Shrinks specialising in rock musicians would surely trip each other up in the race to put the Kinks brothers on the couch. As Johnny Rogan explains in Ray Davies: A Complicated Life (Bodley Head, £25), his subject has been almost permanently irritated by younger sibling Dave. Complicated is one word for Ray. Others collected here include capricious, contrary, cheapskate and cold fish – and that’s just the Cs. Dave asks Rogan: “Can you use the word c***?” Great songwriter, though. Waterloo Sunset is one of the greatest ever.

Elvis Costello looked at one stage like he might inherit Davies’ Albion minstrel role but, strangely, his songs haven’t worn well. Too bitter? Too wordy? You always felt he had a good book in him, though, and Unfaithful Music & Disappearing Ink (Viking, £25) is a love letter to his father Ross McManus of the Joe Loss Orchestra – “a bloody better singer than you’ll ever be,” cabbies would often tell him.

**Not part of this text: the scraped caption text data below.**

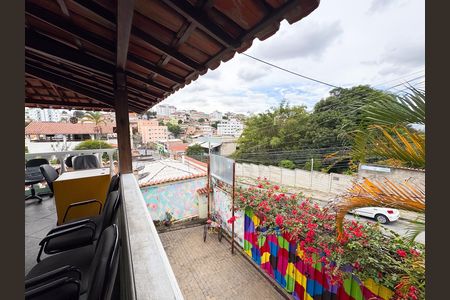 Casa à venda com 250m², 3 quartos e 4 vagas Casa à venda com 250m², 3 quartos e 4 vagasVaranda da Sala
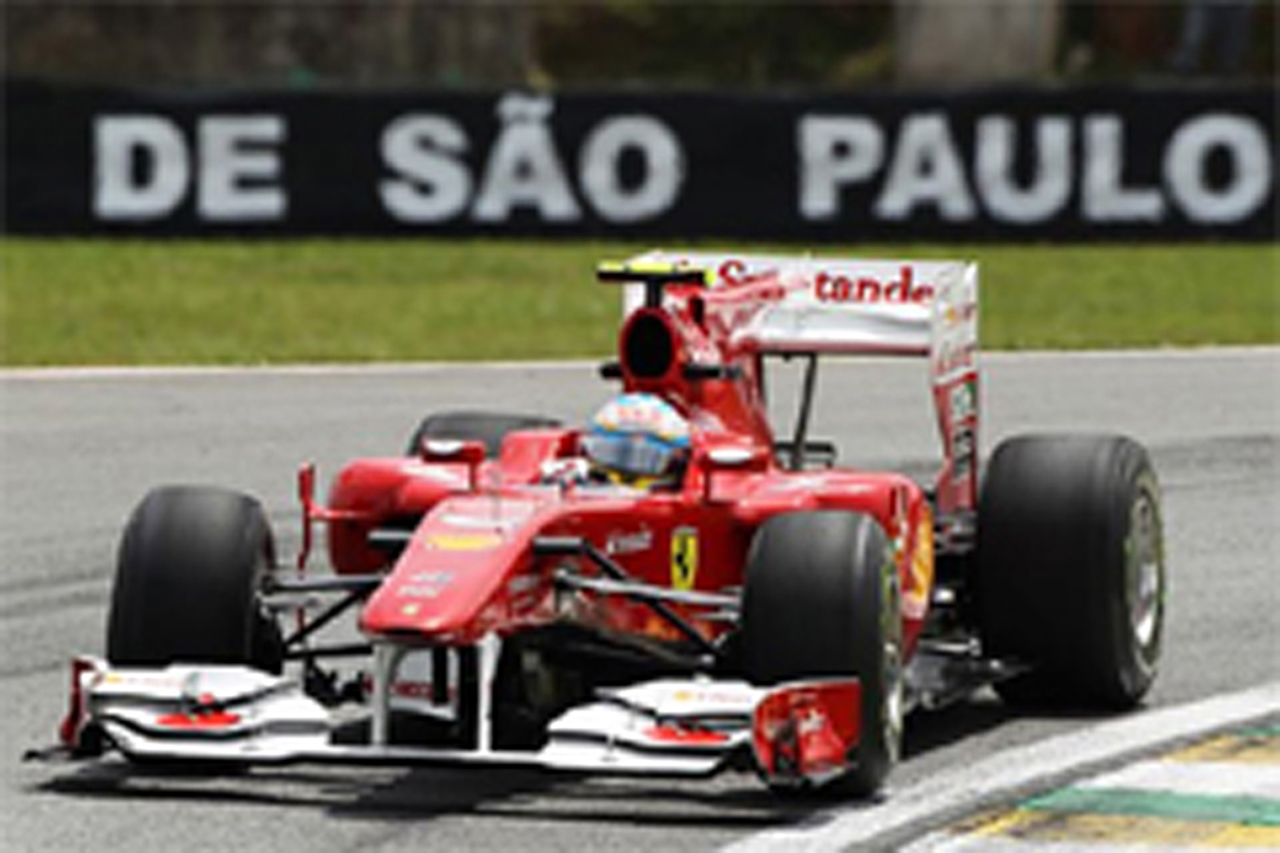 フェラーリ:F1ブラジルGP初日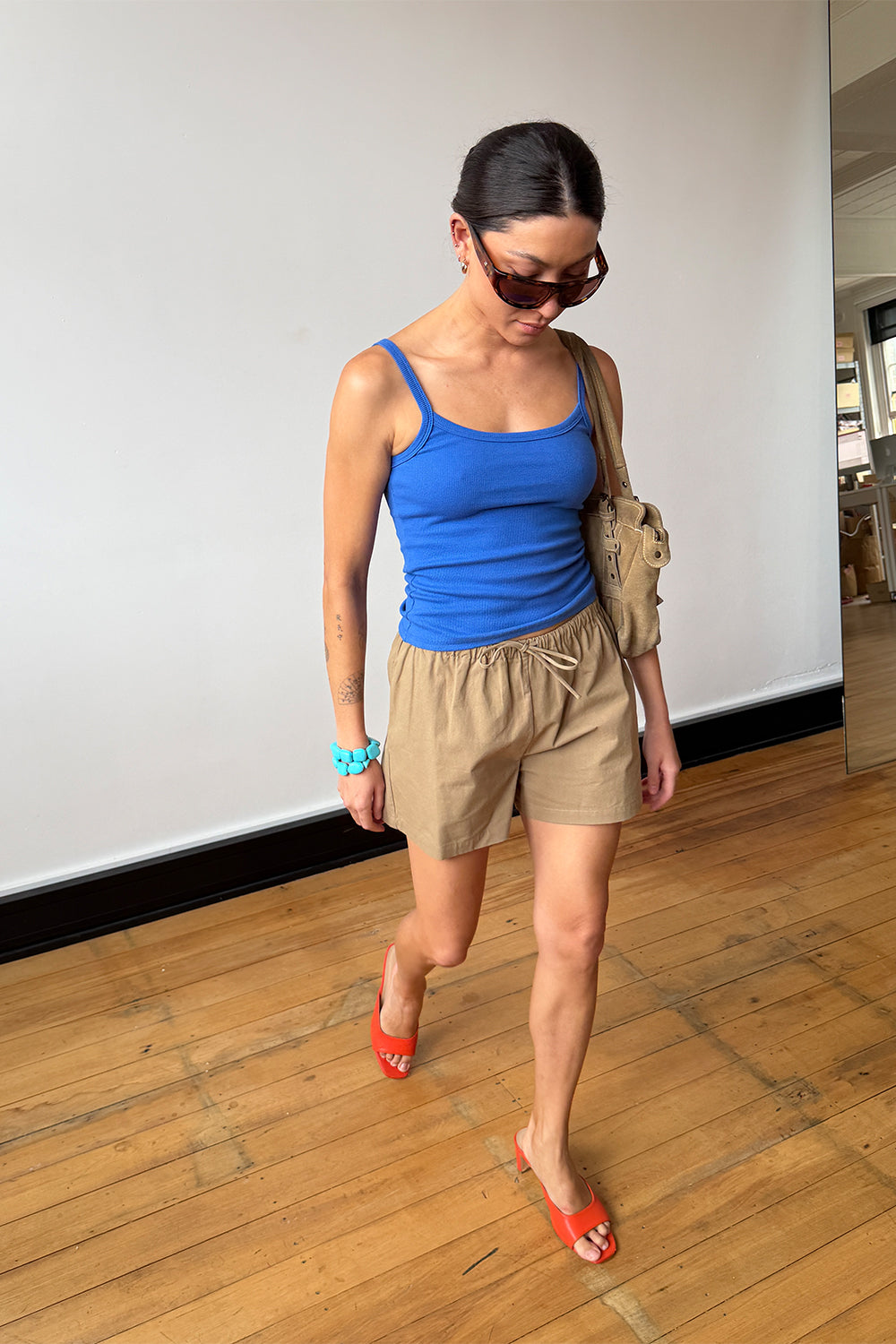 Mid-Rise Drawcord Short Tortora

David Cavanagh’s Good Night And Good Riddance (Faber, £20) is a love letter to a radio show, or shows – 265 of them presented by John Peel. It’s also a cultural history of Britain. Many of the artists featured in the 2012 Olympics opening ceremony – David Bowie, Pink Floyd, Mike Oldfield, the Sex Pistols, Dizzee Rascal etc – owed first spins on the wireless to the grump in the bobbly jumper – “as BBC as Richard Dimbleby, Robin Day, John Arlott and David Coleman.”